## Task:
Pictures must not appear in the copy. Restate exactly the lines below from the one with "Calex LED buitenwandlamp" through the one with "6 BMW i3 pour", inclusive.

## Data for review:
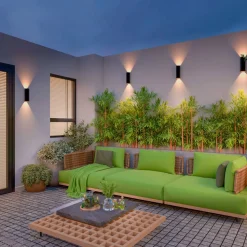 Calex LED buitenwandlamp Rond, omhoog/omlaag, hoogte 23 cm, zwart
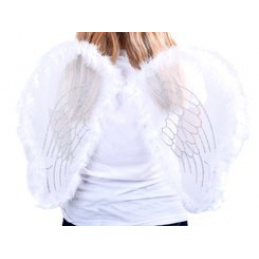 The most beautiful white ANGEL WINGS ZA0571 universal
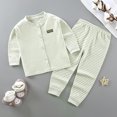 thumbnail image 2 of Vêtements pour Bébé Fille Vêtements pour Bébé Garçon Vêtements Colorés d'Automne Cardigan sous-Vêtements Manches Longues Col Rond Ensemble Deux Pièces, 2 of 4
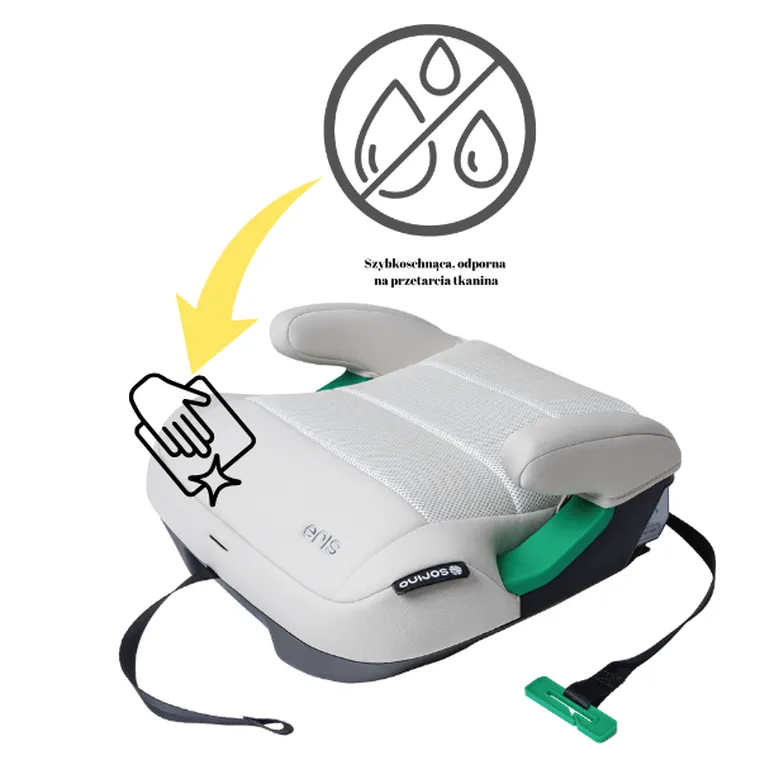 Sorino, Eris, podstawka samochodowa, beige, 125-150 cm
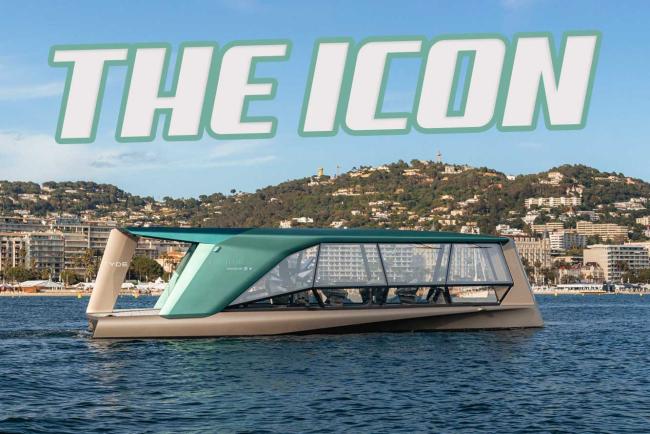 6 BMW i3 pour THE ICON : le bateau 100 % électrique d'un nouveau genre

---

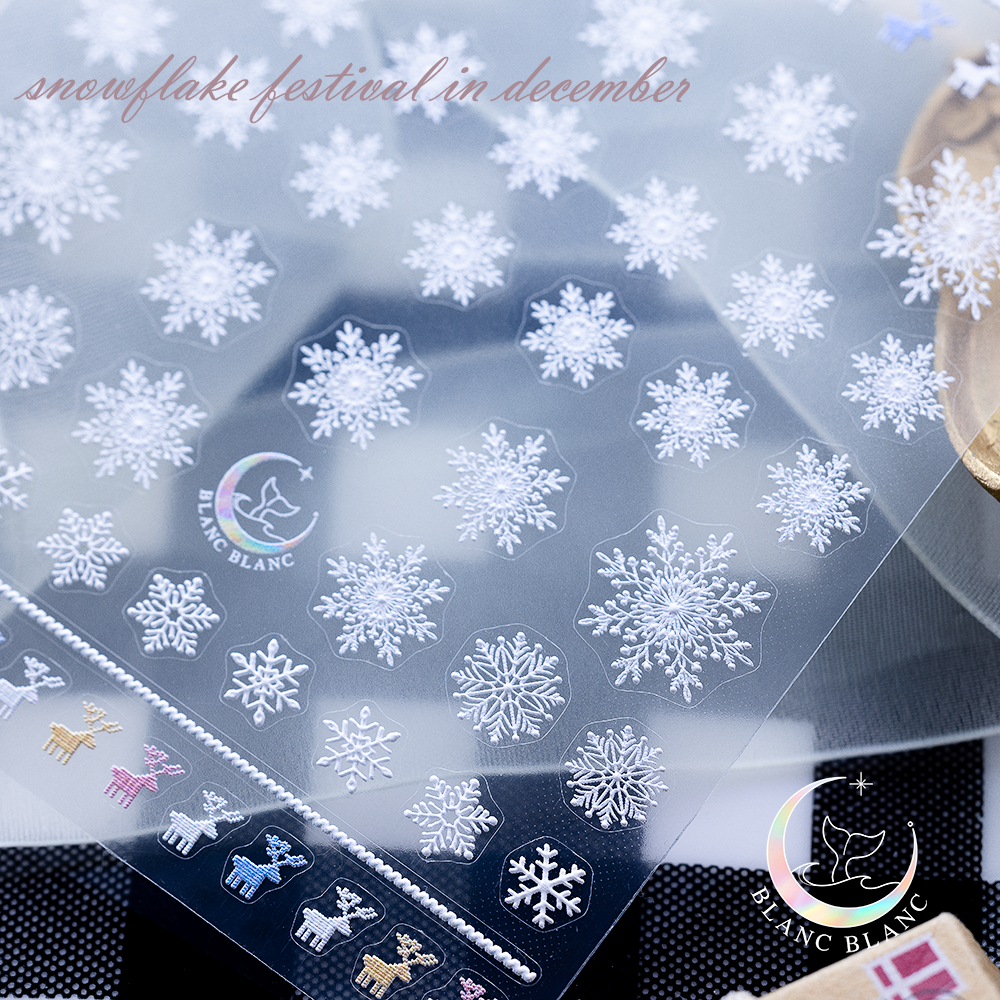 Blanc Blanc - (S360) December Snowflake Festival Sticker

## Output for this task:
 Calex LED buitenwandlamp Rond, omhoog/omlaag, hoogte 23 cm, zwart
 The most beautiful white ANGEL WINGS ZA0571 universal
 thumbnail image 2 of Vêtements pour Bébé Fille Vêtements pour Bébé Garçon Vêtements Colorés d'Automne Cardigan sous-Vêtements Manches Longues Col Rond Ensemble Deux Pièces, 2 of 4
 Sorino, Eris, podstawka samochodowa, beige, 125-150 cm
 6 BMW i3 pour THE ICON : le bateau 100 % électrique d'un nouveau genre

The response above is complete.